§ What the task requires
Without the pictures, set down everything in the listing exactly.

§ Exercise data
■ ■ ■ ■

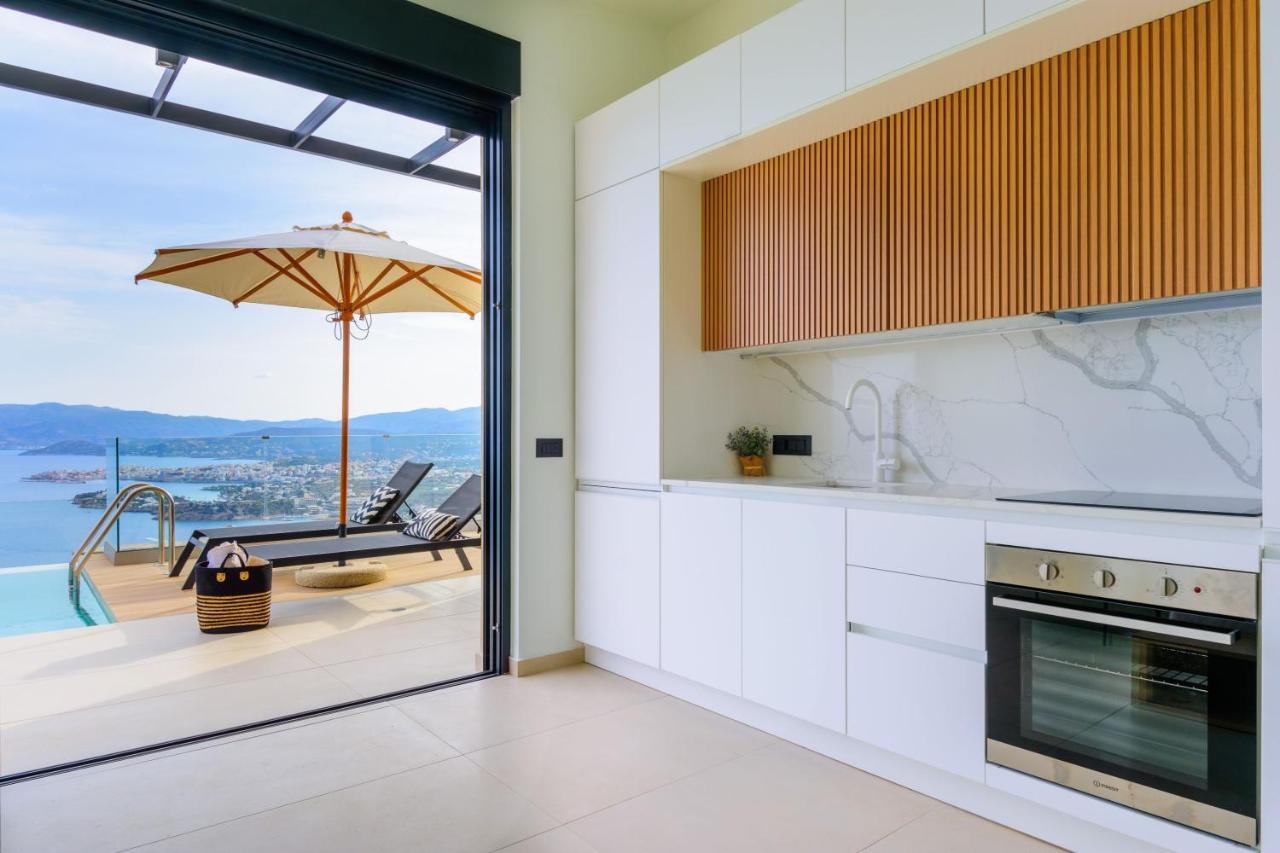 Majestic View Villas Ágios Nikólaos Eksteriør bilde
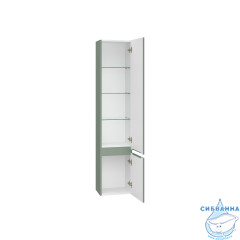 Пенал Brevita Victory R 35 см VIC-05035-080R зеленый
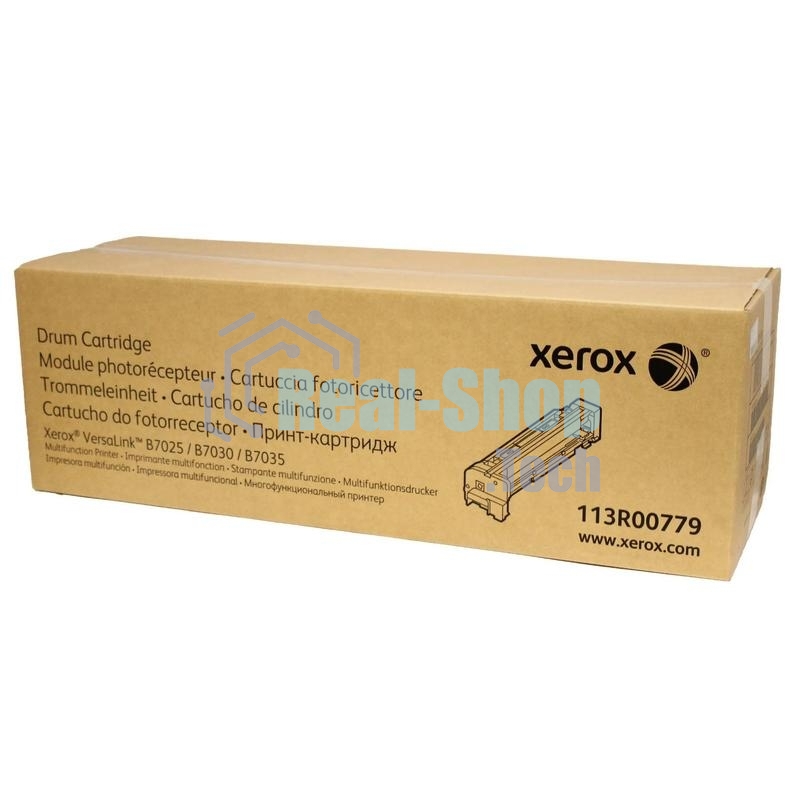 Драм-картридж Xerox 113R00779 черный для Xerox VersaLink B7025/7030/7035, 80К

■ ■ ■ ■

§ Solved problem
 Majestic View Villas Ágios Nikólaos Eksteriør bilde
 Пенал Brevita Victory R 35 см VIC-05035-080R зеленый
 Драм-картридж Xerox 113R00779 черный для Xerox VersaLink B7025/7030/7035, 80К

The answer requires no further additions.